I was hoping that SW_PROTECTED_VM will be the VM type that something
like Firecracker could use, e.g. an interface to guest_memfd specifically
_without_ pKVM, as Fuad was saying.

> Thanks,
> Quentin

Best, 
Patrick
Quentin Perret Feb. 11, 2025, 5:09 p.m. UTC | #5
Hi Patrick,

On Tuesday 11 Feb 2025 at 16:32:31 (+0000), Patrick Roy wrote:
> I was hoping that SW_PROTECTED_VM will be the VM type that something
> like Firecracker could use, e.g. an interface to guest_memfd specifically
> _without_ pKVM, as Fuad was saying.

I had, probably incorrectly, assumed that we'd eventually want to allow
gmem for all VMs, including traditional KVM VMs that don't have anything
special.
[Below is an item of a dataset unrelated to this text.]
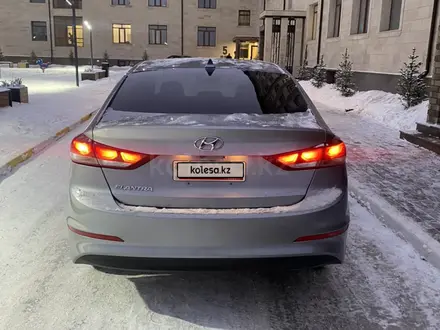 Hyundai Elantra 2017 года за 5 350 000 тг. в Караганда – фото 3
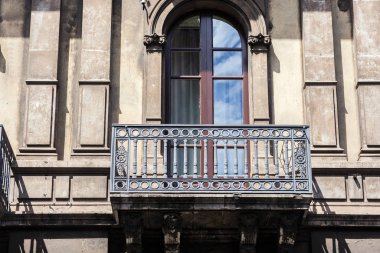 Geleneksel mimar Catania 'da tarihi bir binada balkon.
Perhaps the gmem support could be exposed via a KVM_CAP in this
case?

Anyway, no objection to the proposed approach in this patch assuming we
will eventually have HW_PROTECTED_VM for pKVM VMs, and that _that_ can be
bit 31 :).

Thanks,
Quentin
Quentin Perret Feb. 14, 2025, 11:13 a.m. UTC | #6
On Tuesday 11 Feb 2025 at 17:09:20 (+0000), Quentin Perret wrote:
> Hi Patrick,
> 
> On Tuesday 11 Feb 2025 at 16:32:31 (+0000), Patrick Roy wrote:
> > I was hoping that SW_PROTECTED_VM will be the VM type that something
> > like Firecracker could use, e.g. an interface to guest_memfd specifically
> > _without_ pKVM, as Fuad was saying.
> 
> I had, probably incorrectly, assumed that we'd eventually want to allow
> gmem for all VMs, including traditional KVM VMs that don't have anything
> special. Perhaps the gmem support could be exposed via a KVM_CAP in this
> case?
> 
> Anyway, no objection to the proposed approach in this patch assuming we
> will eventually have HW_PROTECTED_VM for pKVM VMs, and that _that_ can be
> bit 31 :).

Thinking about this a bit deeper, I am still wondering what this new
SW_PROTECTED VM type is buying us? Given that SW_PROTECTED VMs accept
both guest-memfd backed memslots and traditional HVA-backed memslots, we
could just make normal KVM guests accept guest-memfd memslots and get
the same thing? Is there any reason not to do that instead? Even though
SW_PROTECTED VMs are documented as 'unstable', the reality is this is
UAPI and you can bet it will end up being relied upon, so I would prefer
to have a solid reason for introducing this new VM type.

Cheers,
Quentin
Fuad Tabba Feb. 14, 2025, 11:33 a.m. UTC | #7
Hi Quentin,

On Fri, 14 Feb 2025 at 11:13, Quentin Perret <qperret@google.com> wrote:
>
> On Tuesday 11 Feb 2025 at 17:09:20 (+0000), Quentin Perret wrote:
> > Hi Patrick,
> >
> > On Tuesday 11 Feb 2025 at 16:32:31 (+0000), Patrick Roy wrote:
> > > I was hoping that SW_PROTECTED_VM will be the VM type that something
> > > like Firecracker could use, e.g. an interface to guest_memfd specifically
> > > _without_ pKVM, as Fuad was saying.
> >
> > I had, probably incorrectly, assumed that we'd eventually want to allow
> > gmem for all VMs, including traditional KVM VMs that don't have anything
> > special. Perhaps the gmem support could be exposed via a KVM_CAP in this
> > case?
> >
> > Anyway, no objection to the proposed approach in this patch assuming we
> > will eventually have HW_PROTECTED_VM for pKVM VMs, and that _that_ can be
> > bit 31 :).
>
> Thinking about this a bit deeper, I am still wondering what this new
> SW_PROTECTED VM type is buying us? Given that SW_PROTECTED VMs accept
> both guest-memfd backed memslots and traditional HVA-backed memslots, we
> could just make normal KVM guests accept guest-memfd memslots and get
> the same thing? Is there any reason not to do that instead? Even though
> SW_PROTECTED VMs are documented as 'unstable', the reality is this is
> UAPI and you can bet it will end up being relied upon, so I would prefer
> to have a solid reason for introducing this new VM type.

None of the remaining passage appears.